21  * AND ANY EXPRESS OR IMPLIED WARRANTIES, INCLUDING, BUT NOT LIMITED TO,
22  * THE IMPLIED WARRANTIES OF MERCHANTABILITY AND FITNESS FOR A PARTICULAR
23  * PURPOSE ARE DISCLAIMED. IN NO EVENT SHALL THE COPYRIGHT OWNER OR
24  * CONTRIBUTORS BE LIABLE FOR ANY DIRECT, INDIRECT, INCIDENTAL, SPECIAL,
25  * EXEMPLARY, OR CONSEQUENTIAL DAMAGES (INCLUDING, BUT NOT LIMITED TO,
26  * PROCUREMENT OF SUBSTITUTE GOODS OR SERVICES; LOSS OF USE, DATA, OR PROFITS;
27  * OR BUSINESS INTERRUPTION) HOWEVER CAUSED AND ON ANY THEORY OF LIABILITY,
28  * WHETHER IN CONTRACT, STRICT LIABILITY, OR TORT (INCLUDING NEGLIGENCE OR
29  * OTHERWISE) ARISING IN ANY WAY OUT OF THE USE OF THIS SOFTWARE,
30  * EVEN IF ADVISED OF THE POSSIBILITY OF SUCH DAMAGE.
31  */
32 /*!*****************************************************************************
33  * @file APULPF3.h
34  * @brief <b>PRELIMINARY</b> APU driver interface
35  *
36  * <b>WARNING</b> These APIs are <b>PRELIMINARY</b>, and subject to
37  * change in the next few months.
38  *
39  * @anchor ti_drivers_APU_Overview
40  * # Overview
41  * The APU driver allows you to interact with the Algorithm Processing Unit
42  * (APU), a linear algebra accelerator peripheral using 64-bit complex numbers.

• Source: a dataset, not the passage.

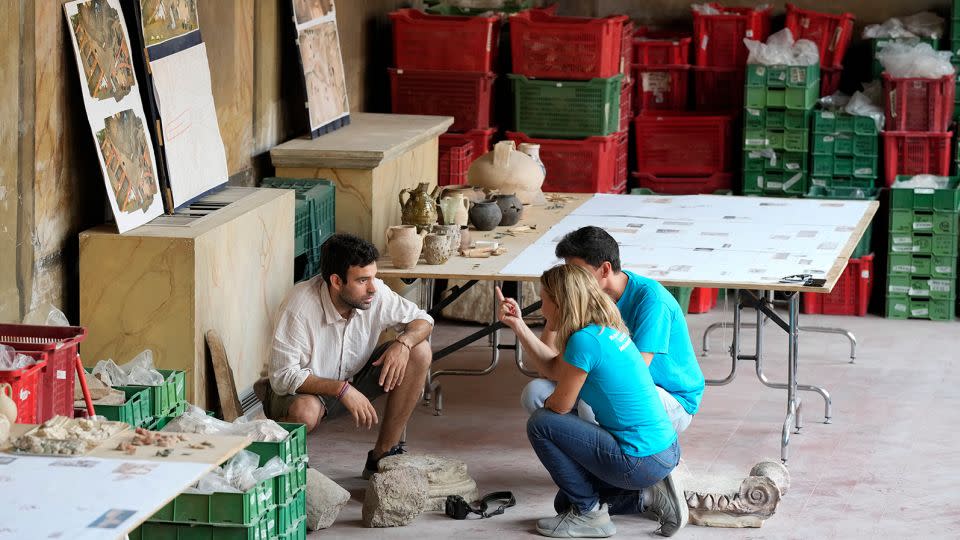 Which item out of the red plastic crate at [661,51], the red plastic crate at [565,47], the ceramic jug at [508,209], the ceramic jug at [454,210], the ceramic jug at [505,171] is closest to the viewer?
the ceramic jug at [454,210]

43  * Complex numbers are represented by the _float complex_ type from
44  * _complex.h_, where each number is made up of two 32-bit floats. The APU
45  * works with complex numbers in either Cartesian or Polar formats. In the
46  * Cartesian representation, the lower 32 bits are the real part and the upper
47  * 32 bits are the imaginary part. In Polar format, the lower 32 bits are the
48  * absolute part and the upper 32 bits are the angle, represented as pi
49  * radians.
50  * As long as arguments to the APU functions use the same format, the result
51  * will also be in that format. Mixing formats produces wrong results. The
52  * driver provides basic data types for vectors and matrices constructed from
53  * _float complex_, as well as many common linear algebra operations on these
54  * data types.
55  *
56  * @anchor ti_drivers_APU_DataManagement
57  * ## Data management
58  * All the vector/matrix operations can accept input and output pointers that
59  * are inside or outside APU RAM. If all pointers provided to an operation are
60  * inside APU RAM, the APU will operate in <b>scratchpad mode</b>.

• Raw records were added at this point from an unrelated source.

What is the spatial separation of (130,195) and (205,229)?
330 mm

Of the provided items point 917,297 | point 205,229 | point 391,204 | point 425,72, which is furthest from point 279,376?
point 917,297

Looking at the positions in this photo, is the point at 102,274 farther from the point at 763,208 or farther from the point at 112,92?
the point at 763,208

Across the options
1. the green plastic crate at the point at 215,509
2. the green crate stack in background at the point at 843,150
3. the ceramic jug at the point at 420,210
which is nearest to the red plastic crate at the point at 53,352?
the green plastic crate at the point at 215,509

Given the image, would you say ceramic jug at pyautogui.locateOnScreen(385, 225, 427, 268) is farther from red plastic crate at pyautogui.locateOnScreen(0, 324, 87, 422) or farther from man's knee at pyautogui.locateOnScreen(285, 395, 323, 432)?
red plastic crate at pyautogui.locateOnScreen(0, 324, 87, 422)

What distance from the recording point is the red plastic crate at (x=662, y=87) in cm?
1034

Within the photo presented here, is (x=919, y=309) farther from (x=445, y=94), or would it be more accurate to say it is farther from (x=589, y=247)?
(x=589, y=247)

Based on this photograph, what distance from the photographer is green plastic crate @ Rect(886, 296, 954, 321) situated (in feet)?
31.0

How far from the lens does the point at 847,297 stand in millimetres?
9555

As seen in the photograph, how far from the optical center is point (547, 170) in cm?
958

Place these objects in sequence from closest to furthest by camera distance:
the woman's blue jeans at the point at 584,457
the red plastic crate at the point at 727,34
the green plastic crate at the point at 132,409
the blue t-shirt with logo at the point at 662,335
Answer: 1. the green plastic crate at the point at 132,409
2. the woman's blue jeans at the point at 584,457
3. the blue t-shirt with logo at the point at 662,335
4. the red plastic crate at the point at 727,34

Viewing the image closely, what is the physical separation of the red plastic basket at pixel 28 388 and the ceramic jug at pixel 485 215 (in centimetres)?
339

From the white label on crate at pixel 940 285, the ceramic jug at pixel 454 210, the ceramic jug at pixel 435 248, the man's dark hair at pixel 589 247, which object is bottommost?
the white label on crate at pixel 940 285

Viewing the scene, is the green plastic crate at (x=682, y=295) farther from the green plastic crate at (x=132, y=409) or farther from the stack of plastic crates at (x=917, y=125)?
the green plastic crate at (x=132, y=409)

61  * This means the driver will assume that, given the current pointers, the
62  * input is already in APU memory and that input and result will not overlap
63  * each other. Therefore, no data will be copied, and the function output will
64  * be placed inside APU memory. This is the most efficient way to utilize the
65  * APU and is ideal for algorithms with multiple operations that feed into each
66  * other, such as MUSIC (https://en.wikipedia.org/wiki/MUSIC_(algorithm)). When
67  * chaining together operations, make sure as many as possible use vectors and
68  * matrices that are already in APU memory, to prevent unnecessary copying and
69  * overhead.
70  *
71  * If any of the pointers are outside APU memory, the driver will copy input
72  * data to the start of its memory, place the result immediately following, and
73  * then copy the output back to the provided pointer. This may overwrite data
74  * that was already in this location.
75  *
76  * The APU driver uses uDMA for data transfers involving the APU data memory.
77  * More specifically, channel 8 is used.
78  *
79  * @warning Due to errata SYS_211, the APU memory has strict access rules. Use
80  * the provided APU functions to move data safely.
81  * To load data into APU memory: #APULPF3_loadArgMirrored() or
82  * #APULPF3_loadTriangular().
83  * To directly perform a memory access: #APULPF3_dataMemTransfer().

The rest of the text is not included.